Sono Lesbica? Bisessuale?
ps: non ho mai avuto esperienze ne con gli uomini ne con le donne.

Fin da piccola trovavo molto interesse nel guardare pubblicità intime femminili, tuttora anche se a volte penso, magari ero troppo piccola, sono cose che tutti i bambini fanno.

Ho avuto cotte per ragazzi, ma all’età dei miei 14, in prima superiore c’era questa ragazza molto bella (per me), ne parlai con una mia amica anche, dopo un po’ mi passò e sinceramente non diedi peso alla cosa ma ricapitò, vidi un’altra ragazza e mi bloccai, era bellissima ora non so magari avrei voluto solo essere come lei o magari mi piaceva.

Diciamo che da lì mi chiesi e se fossi bisessuale? mi cadde il mondo addosso pensai di non essere normale, piansi e a volte dicevo “fa che sia etero per favore Dio” come se mi definissi un mostro mi pento di ciò, sono la prima a difendere qualcuno se preso in giro per il suo orientamento non è giusto, credo fosse solo paura.

A volte mi prende un’emozione assurda a pensare alle ragazze, vorrei baciarle vorrei averne una, i film mentali me li faccio con le ragazze, anche pensando cose spinte e mi eccito.

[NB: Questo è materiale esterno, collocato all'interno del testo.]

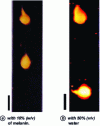 Figure 13 - Densitometric determination of whole milk adulteration (reproduced with permission from [117])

Se penso al corpo maschile dico ok bello ma preferisco le donne.

A volte penso di voler un ragazzo solo perché sono cresciuta così, come se fosse questo il “normale”

Dico sempre a me stessa: Dai si vede che ti piacciono le donne per un periodo poi mi passa, non che non le pensi però dimeno.

Non mi definisco Etero non riesco perché so che infondo non lo sono.

In più mi attirano solo ragazze mascoline quindi mi chiedo mi piacciono i ragazzi e vorrei che fossero come le ragazze (più fini, se si può dire così?) o magari mi piacciono davvero le ragazze ed è solo un gusto personale.

5 risposte degli esperti pubblicate per questa domanda

Buongiorno Anna, 


Le rispondo per quella che è la mia esperienza professionale, per cui ho a che fare quotidianamente con adolescenti e con tematiche legate a questa fase delicata della vita. È abbastanza frequente che ragazzi e ragazze si trovino ad avere dei dubbi sulla propria identità di genere e sull'orientamento sessuale e questa questione richiede spesso del tempo. È un percorso che di frequente, al suo termine, consente di dare risposta alle molte domande e dubbi come i suoi.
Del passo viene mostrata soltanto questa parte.